Exodus 32:25 justifies Moses’ extreme policy. The parenthesis reads “for Aaron had let them run wild, to the derision of their enemies.” The Israelites must display their adherence to the law to demonstrate God’s power; adopting the Golden Calf as God shows enemy nations how little control God exercises over those He cherishes. Still, their extinction would prove how deadly this God can be. Without purging the disobedient, the Israelites will be lost forever. They will destroy themselves by inviting attacks from their enemies and by endless internal dissension. Moses will not allow them to destroy themselves by disregarding God’s law. Faced with a terrible choice, Moses emerges as a fully armed political leader, ready to impose God’s will upon a people not yet capable of understanding the requirements of self-control in service to the redemptive trajectory of history. [4]
The Bible instructs alert readers concerning the dark corridors of history and challenges our happy belief about ourselves. The Israelites are devoted to their animal nature. Moses must punish that enslavement in order to commit them to higher tasks. We might wish the Bible errs in depicting human nature as debased and requiring dictatorial and devious leadership. We might want to argue that the Bible asks too much of us, and that a Holy nation is not possible, and that pain and trouble comes from asking too much of us. Exodus does not allow us to mistake the urgencies of history for a fairy tale of magical events and happy heroes – an airy romanticism of human goodness against all the evidence of history and our times.

[1] Dathan, a sly and self-seeking demagogue, portrayed by Edward G. Robinson (famous for depicting urban gangsters), plays upon the people’s fears and leads them, like the wily Communist figure of that time’s pathology, to rebel against their true leaders.
[2] Exodus 25 – 30; and again Exodus 36 — 39:16. Readers may well feel they have endured forty years in the desert, having had to read these chapters with care.
[3] The Israelites’ offense is not theft or lying or adultery but instead worshipping animal gods. This is not just defiance of the law but denial of God. Modern readers would likely rank the social commandments – against murder, theft, lying, and false swearing — first; honoring parents and against coveting next; and the Commandments directed at honoring God and the Sabbath last. The First Commandment, however, anchors all the others. Without fear and respect for God, this rebellious people could not be trusted to adhere to God’s social morality on pragmatic grounds alone. And perhaps they will discover that “other gods” means putting anything before God – making money, gaining fame, devotion to family or tribe or nation, even perhaps devotion to our own self-glorifying religiosity.

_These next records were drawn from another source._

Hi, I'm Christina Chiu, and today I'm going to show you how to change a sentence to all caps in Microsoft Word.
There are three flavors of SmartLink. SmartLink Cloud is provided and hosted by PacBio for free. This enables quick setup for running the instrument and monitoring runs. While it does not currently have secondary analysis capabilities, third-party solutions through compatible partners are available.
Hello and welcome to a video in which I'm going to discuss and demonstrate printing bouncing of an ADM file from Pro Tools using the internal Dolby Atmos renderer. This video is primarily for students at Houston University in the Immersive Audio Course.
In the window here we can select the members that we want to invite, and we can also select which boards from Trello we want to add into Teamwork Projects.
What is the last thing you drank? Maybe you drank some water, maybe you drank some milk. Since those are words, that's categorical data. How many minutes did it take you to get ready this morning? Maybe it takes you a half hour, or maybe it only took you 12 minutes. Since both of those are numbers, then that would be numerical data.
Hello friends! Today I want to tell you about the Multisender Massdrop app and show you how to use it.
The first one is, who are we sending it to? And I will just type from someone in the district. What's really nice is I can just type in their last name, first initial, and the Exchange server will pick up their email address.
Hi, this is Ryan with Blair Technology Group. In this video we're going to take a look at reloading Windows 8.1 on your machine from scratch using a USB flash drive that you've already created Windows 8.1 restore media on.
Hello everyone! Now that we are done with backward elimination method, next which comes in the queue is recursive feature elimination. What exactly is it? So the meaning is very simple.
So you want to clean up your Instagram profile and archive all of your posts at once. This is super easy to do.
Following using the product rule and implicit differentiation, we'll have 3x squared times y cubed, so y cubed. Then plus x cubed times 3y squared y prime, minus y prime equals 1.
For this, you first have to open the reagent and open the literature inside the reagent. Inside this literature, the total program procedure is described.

[4] Jesus points to Moses’ dilemma in teaching the laws governing divorce. In Jewish law divorce is permitted (Deut: 24 1-4), and Jesus shocks the leaders of the synagogue by teaching that divorce was never God’s law, citing Genesis 2:21-25. Jesus insists that “Moses, because of the hardness of your hearts suffered you to put away your wives: but from the beginning it was not so” (Matthew 19: 8). Jesus notes that Moses, for political reasons, yielded to the crude needs of his followers. Their stubborn insistence on retaining the right to divorce their wives would have prevented Moses from winning their consent to the new law.